#### TASK PROMPT
Exact copy, no pictures: every line from the one that contains "583 MANATAWNY ST, Pottstown, PA 19464" through the end of the data below, and nothing else.

#### INFORMATION SUPPLIED
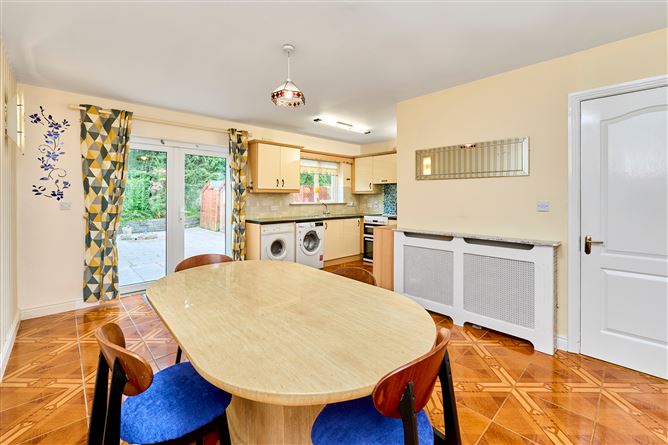 Photo 2 of 22 — 32 Carraig Mhór, Clonmellon, Co. Westmeath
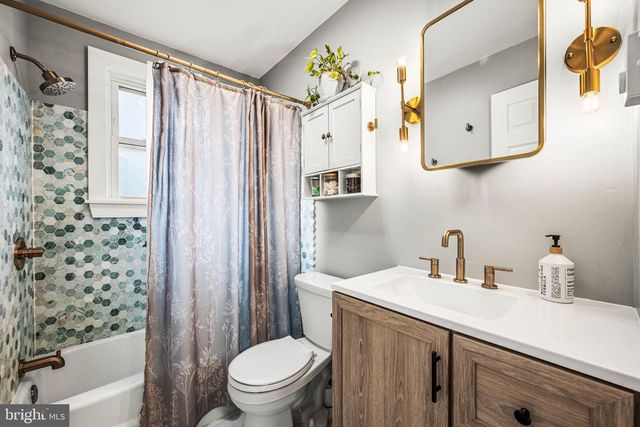 583 MANATAWNY ST, Pottstown, PA 19464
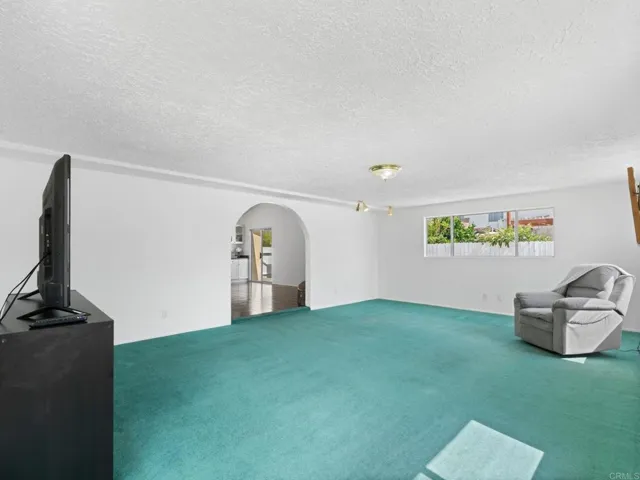 811 Earth Drive, Vista, California 92083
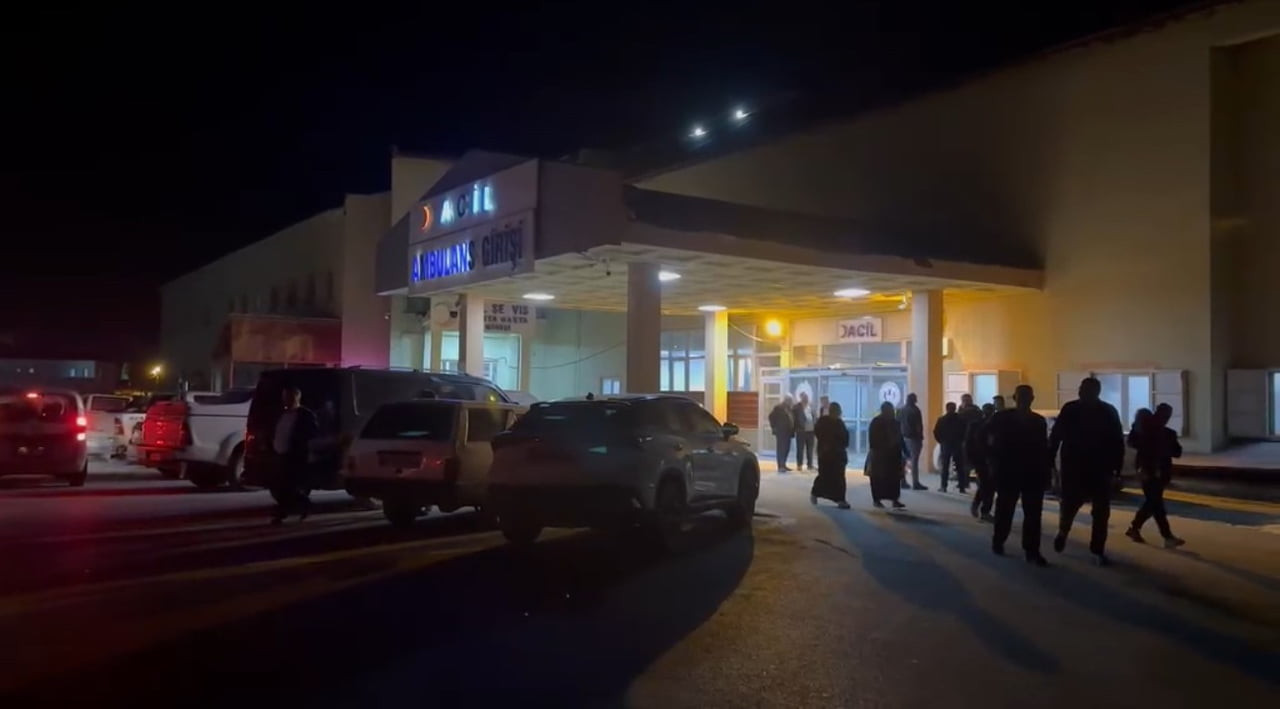 YÜKSEKOVA İLÇESİNDE HASTANENİN KAZAN DAİRESİNDE MEYDANA GELEN DOĞAL GAZ PATLAMASINDA 3 PERSONEL...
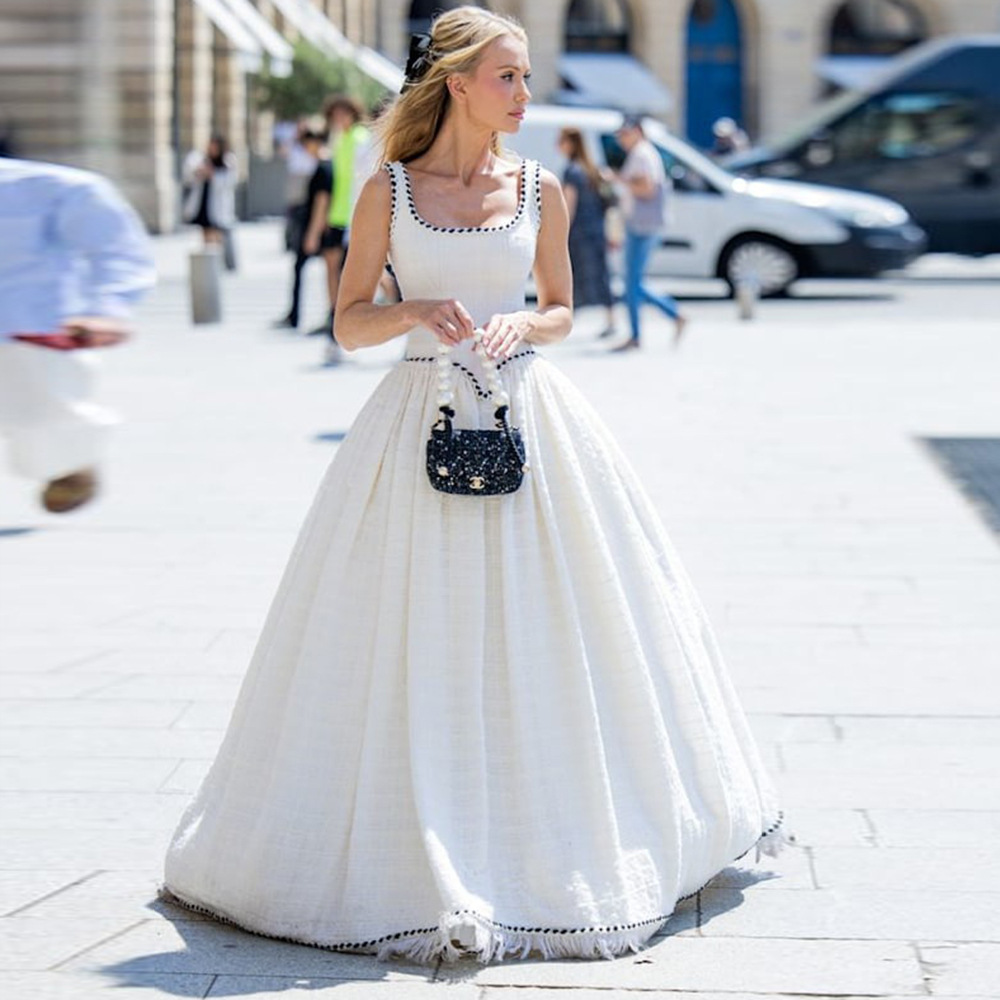luxury tweed dress Elegant Luxury Tweed Dress With Natural Waistline, Square Collar, And Ruffle Hem For Summer Parties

#### FINAL ANSWER
 583 MANATAWNY ST, Pottstown, PA 19464
 811 Earth Drive, Vista, California 92083
 YÜKSEKOVA İLÇESİNDE HASTANENİN KAZAN DAİRESİNDE MEYDANA GELEN DOĞAL GAZ PATLAMASINDA 3 PERSONEL...
luxury tweed dress Elegant Luxury Tweed Dress With Natural Waistline, Square Collar, And Ruffle Hem For Summer Parties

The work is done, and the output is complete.